Top of Records for the exercise

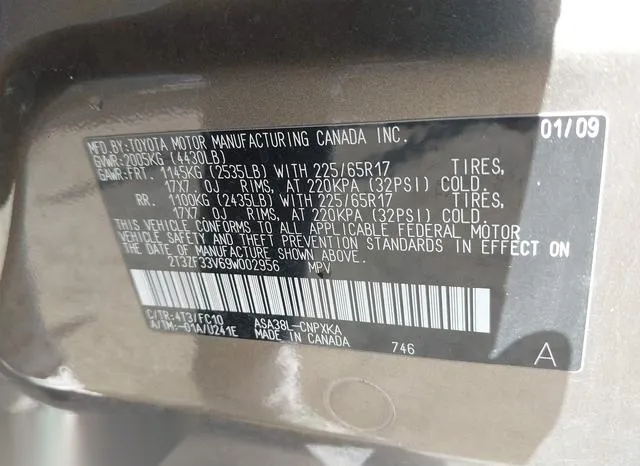 2T3ZF33V69W002956 2009 2009 Toyota RAV4 9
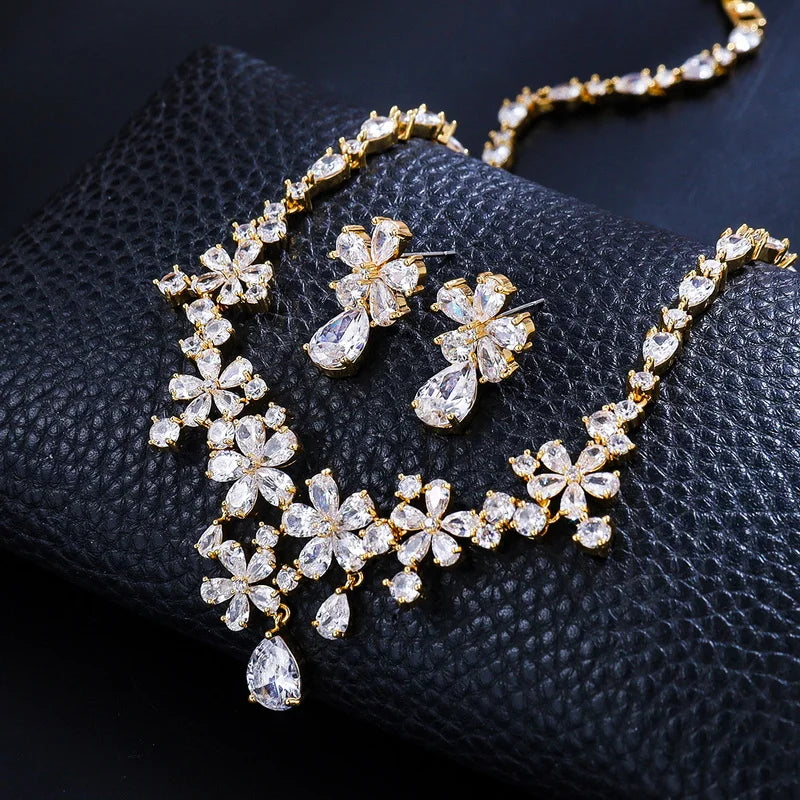 Weiman New Arrival Floral Cubic Zirconia Necklace Wedding Bridal Jewelry Set Gifts for Brides Parties Engagements Anniversaries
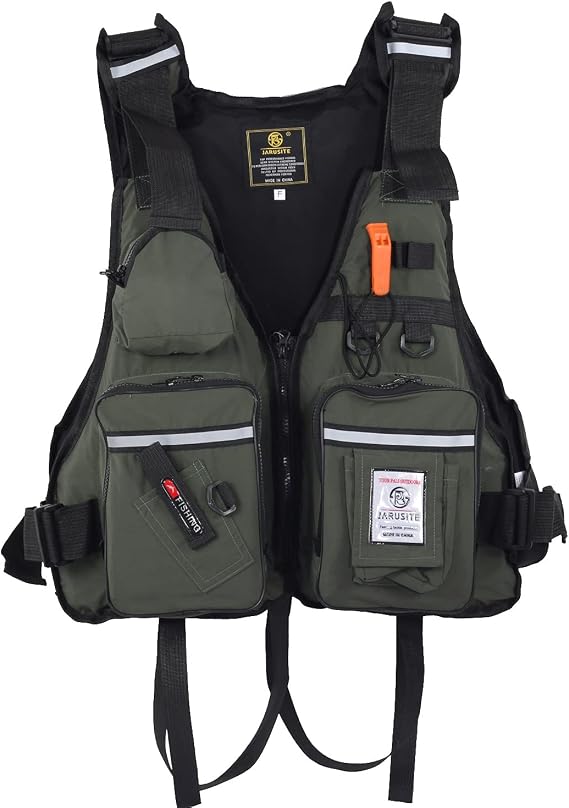 JKSPORTS Fishing Vest Safety Life Jacket for Swimming Sailing Boating Kayak Floating Multifunction for Men and Women Vest/Kayak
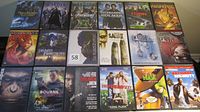 Top side front of 20 DVD cases showing front cover artwork
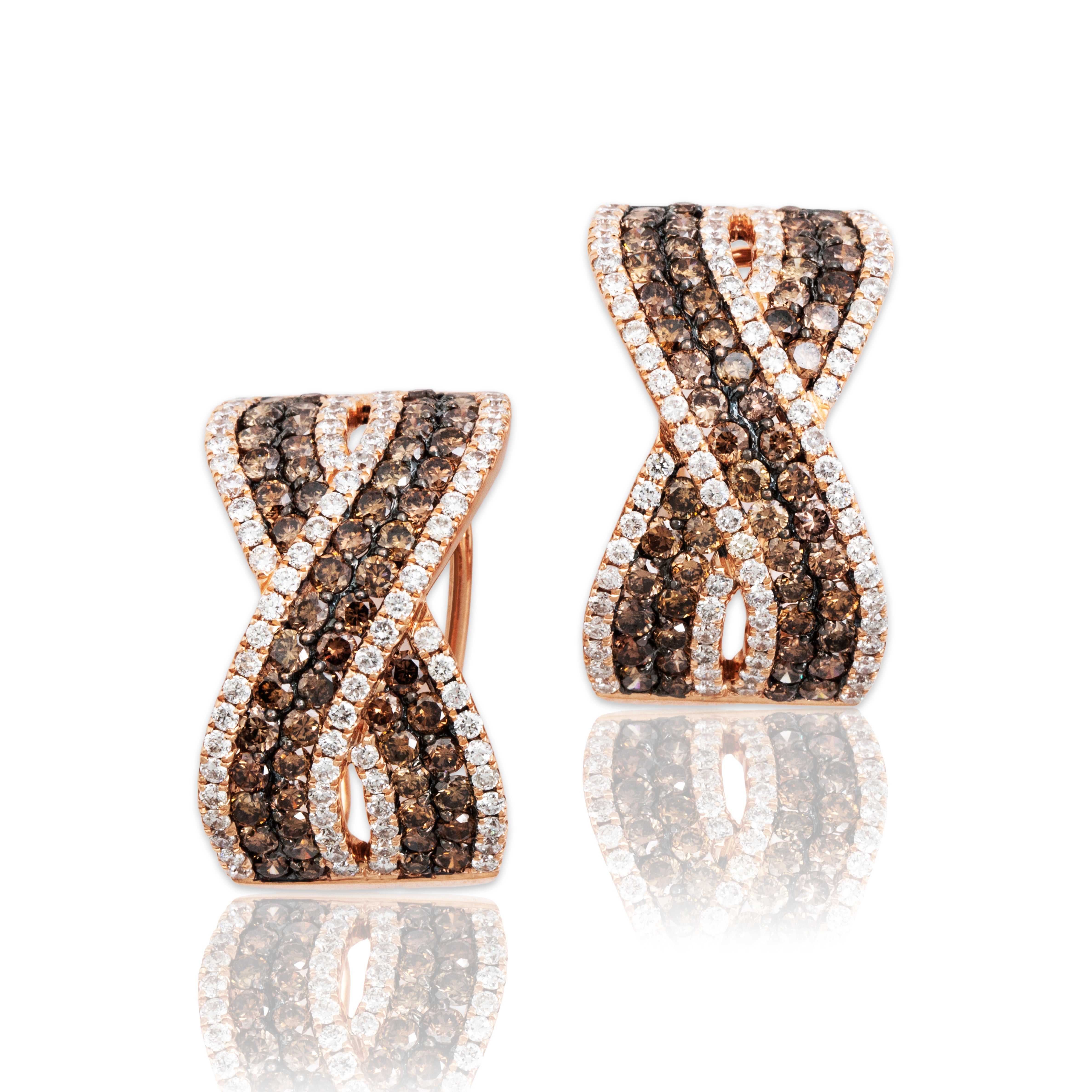 Vintage 14k Rose Gold 1.6cttw Chocolate Diamond .94ct White Diamond Large Omega-Back Glittering X Earrings - Close-up view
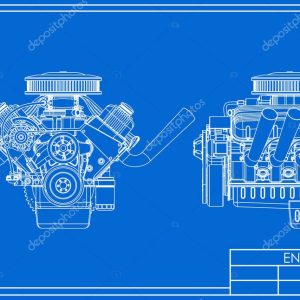 Hot rod V8 Engine drawing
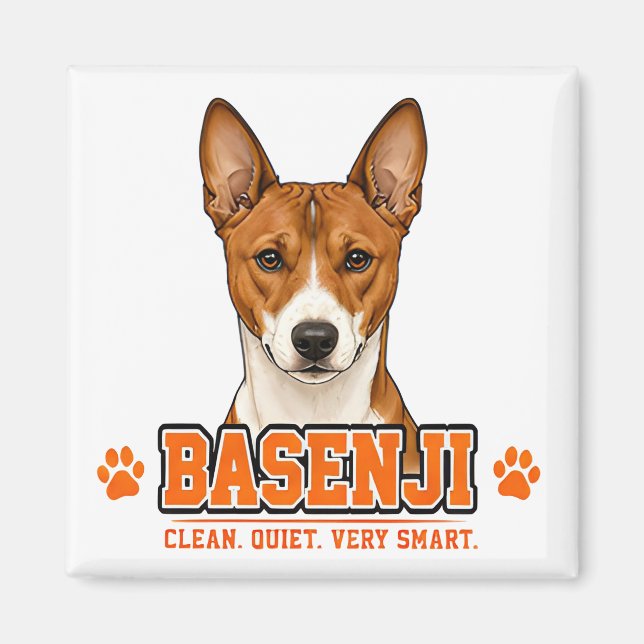 Íman 🐾 Presente para Amante de Cães Basenji 🐾 (Frente)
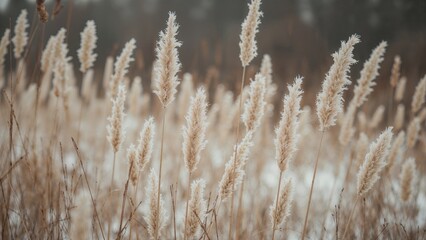 Fototapeta premium Blurry bokeh background showcasing delicate pampas grass and dry reeds in a bohemian style.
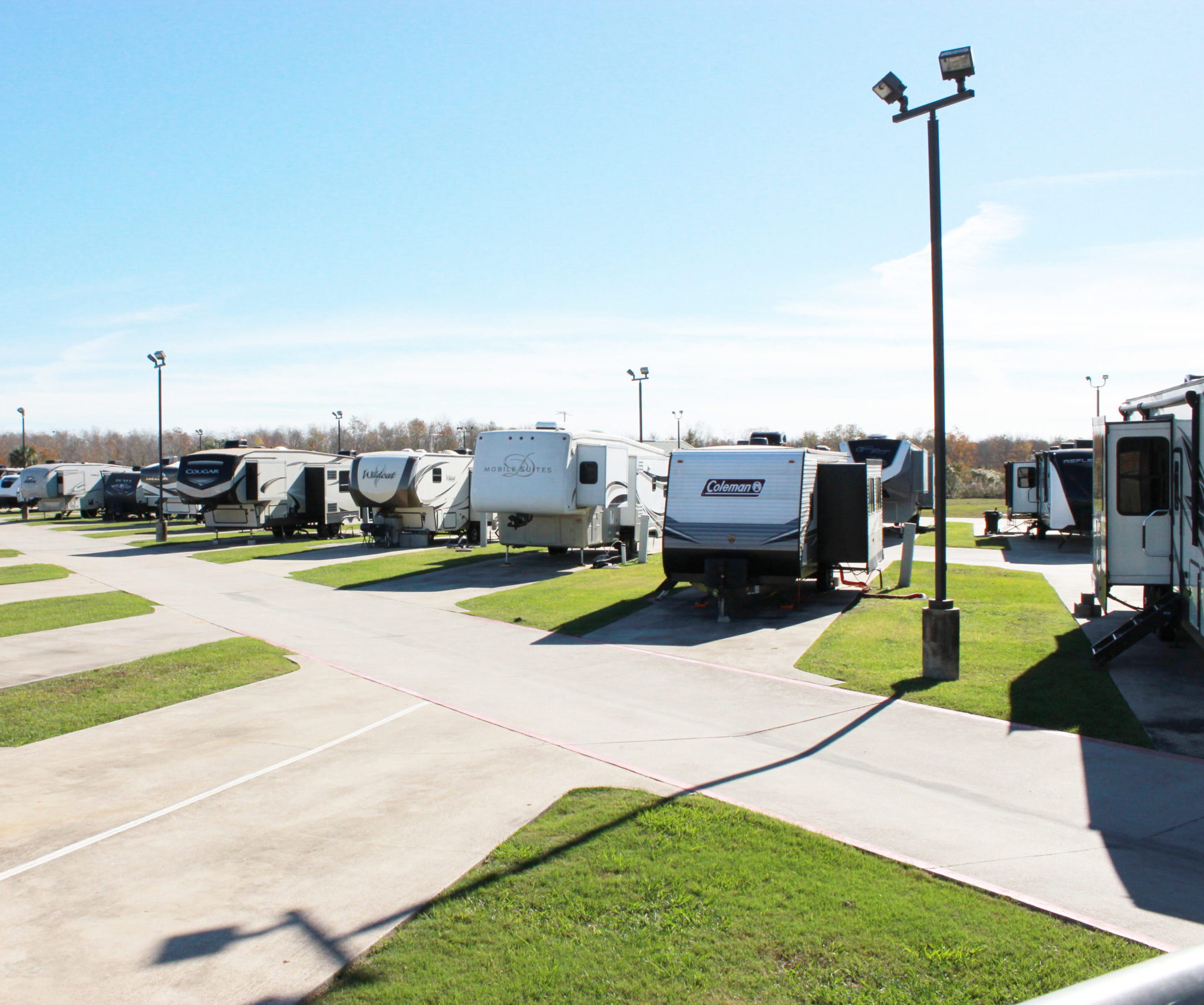 Image of the spacious RV sites at Port Arthur RV resort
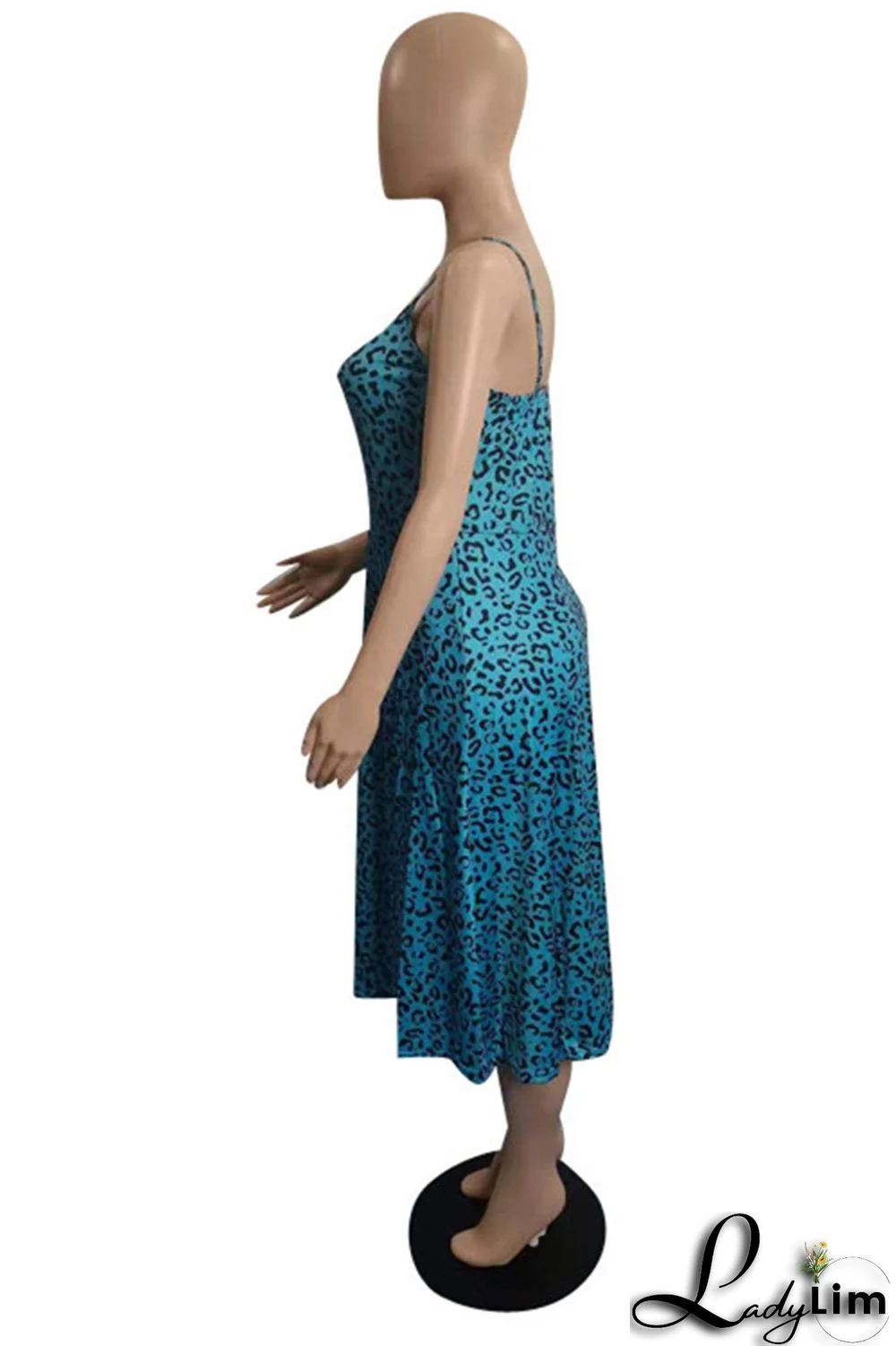 Deep Blue Fashion Sexy Print Backless Slit Square Collar Sling Dress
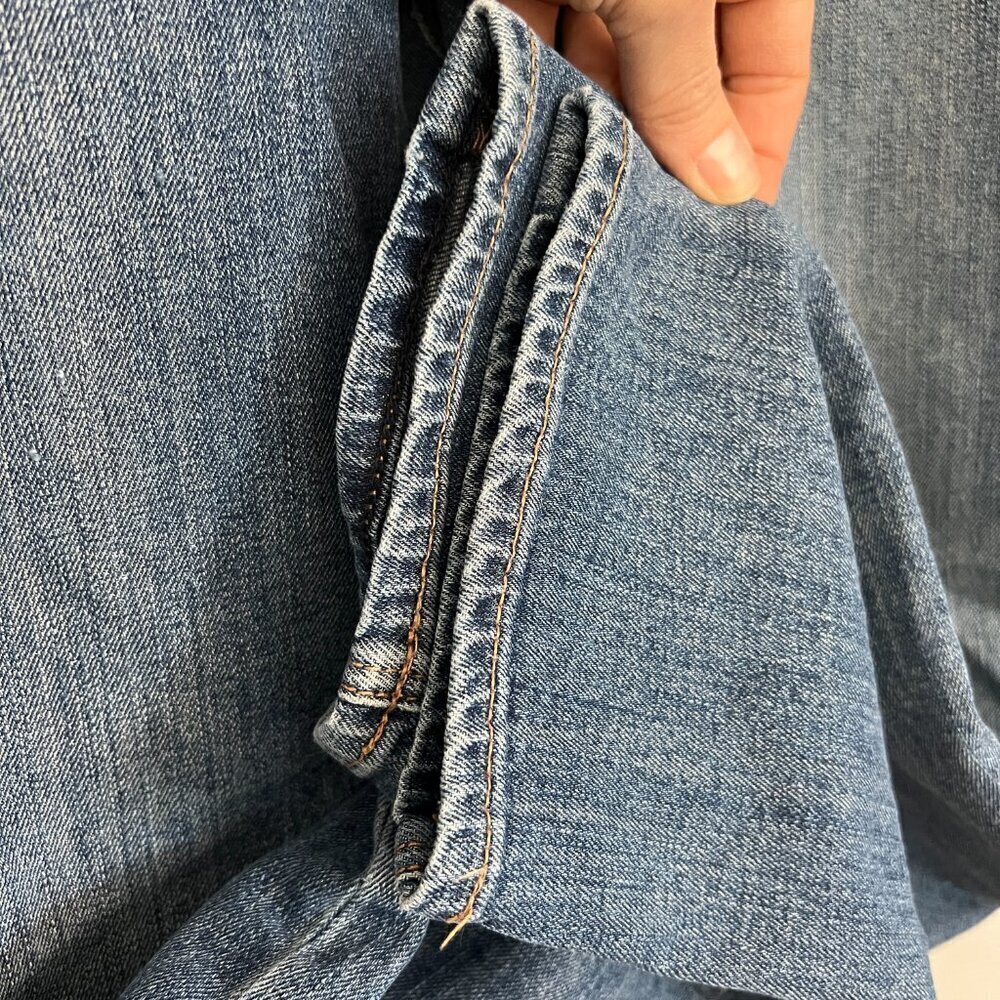 Express High‎ Rise Vintage Skinny Ankle Button Fly Blue Jeans Sz 10 - Picture 7 of 15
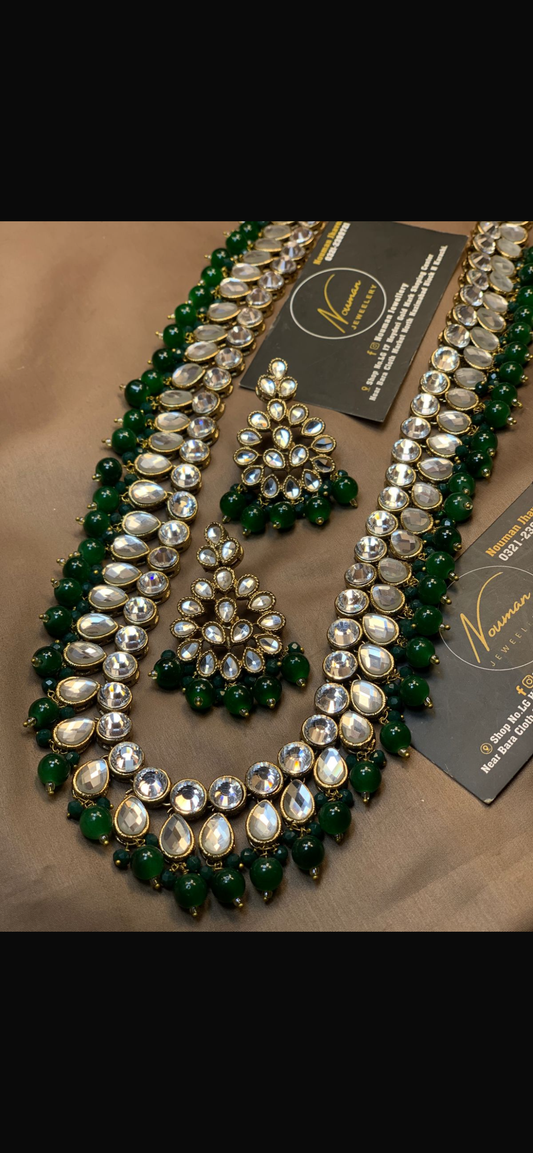 Exquisite Emerald Kundan Long Mala Set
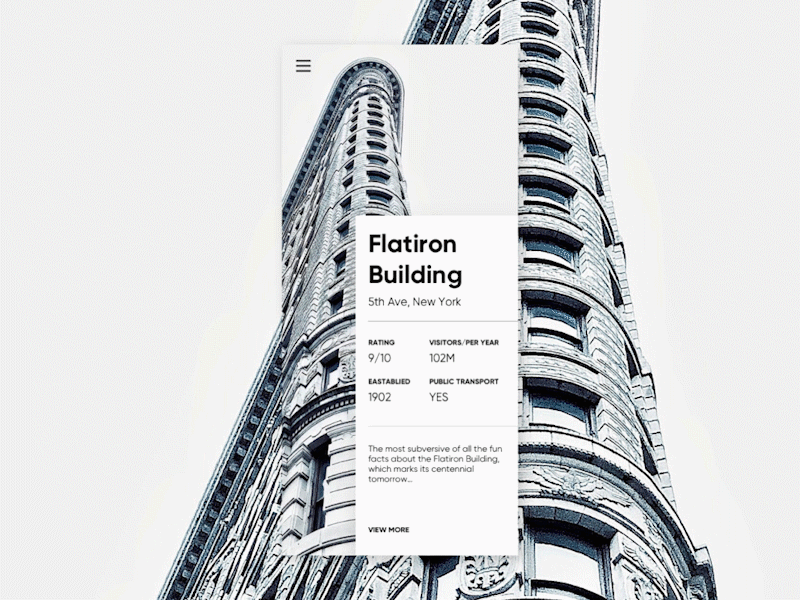 Flatiron Building Guide app branding design designer flat graphic identity minimal motion newyorkcity nyc photography typography ui usa ux web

Bottom of Records for the exercise

**What the task requires**
The copy should hold exactly the lines above from the one with "Top side front" through the one with "Image of the", both ends counted, and no pictures at all.

**Answer to this task**
 Top side front of 20 DVD cases showing front cover artwork
 Vintage 14k Rose Gold 1.6cttw Chocolate Diamond .94ct White Diamond Large Omega-Back Glittering X Earrings - Close-up view
 Hot rod V8 Engine drawing
 Íman 🐾 Presente para Amante de Cães Basenji 🐾 (Frente)
 Fototapeta premium Blurry bokeh background showcasing delicate pampas grass and dry reeds in a bohemian style.
 Image of the spacious RV sites at Port Arthur RV resort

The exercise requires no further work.